Here we employ the spatial lattice to see how well the spatial distribution of actual TCs compares with the distributions generated by two atmospheric GCMs: the Florida State University (FSU) Center for Ocean–Atmospheric Prediction Studies (COAPS) spectral model and the Geophysical Fluid Dynamics Laboratory (GFDL) High-Resolution Atmospheric Model (HiRAM). The methodology applied in this study to compare regional cyclone occurrence between observations and model simulations can be used to compare other models and other storm attributes such as intensity and intensification rate.

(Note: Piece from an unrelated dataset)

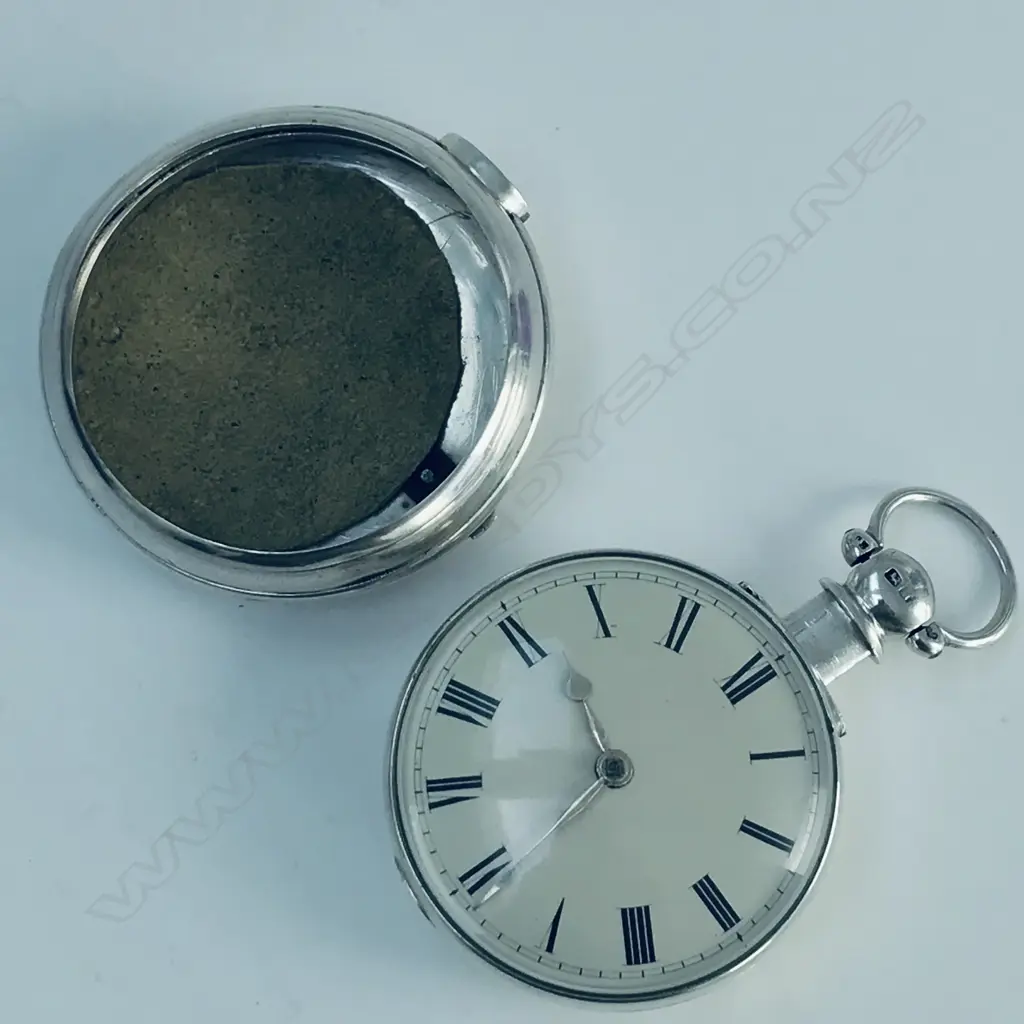 Victorian silver pair case pocket watch by Joseph Maugham, Gateshead, number 9444 Image 1++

The paper is organized as follows: observational and model track data are presented in section 2, followed by an explanation of the spatial lattice methodology in section 3. Section 4 examines the spatial distribution of observed and GFDL model TC occurrences using maps, and section 5 quantifies the comparison using a performance diagram. Section 6 compares the spatial distribution of observed and model TC occurrence over the North Atlantic alone using both the GFDL and FSU COAPS models. Comparisons are quantified using relative risk ratios. A summary is given in section 7.

2. Data

a. Observational data

Observational data used in this research come from the International Best Track Archive for Climate Stewardship (IBTrACS; available online at http://www.ncdc.noaa.gov/oa/ibtracs/; Knapp et al. 2010). For analysis purposes, the 6-hourly data have been interpolated to hourly intervals using the method outlined in Elsner and Jagger (2013). Although IBTrACS includes more than a century's worth of track data, we subset the data from the period 1982–2008. This is also the time period over which the models were run. Furthermore, because these data were obtained during the satellite era, the reliability of the observations is quite high. Finally, the period of study also includes the transition from the relatively inactive period in the North Atlantic from 1970–94 to the more recent active period after 1995 (e.g., Elsner et al. 2000; Goldenberg et al. 2001). Regardless of the cause, the apparent nonstationary nature of the North Atlantic TC climatology during this period is worth noting.

b. Model data

Model-derived track data are obtained from experiments performed by the Hurricane Working Group of the U.S. Climate Variability and Predictability Research Program (CLIVAR; http://www.usclivar.org/working-groups/hurricane). We use data from two different high-resolution atmospheric (uncoupled) GCMs. As with the observational data, the modeled track data are provided at 6-hourly intervals and have been interpolated to hourly intervals using the same algorithm as used for the observations.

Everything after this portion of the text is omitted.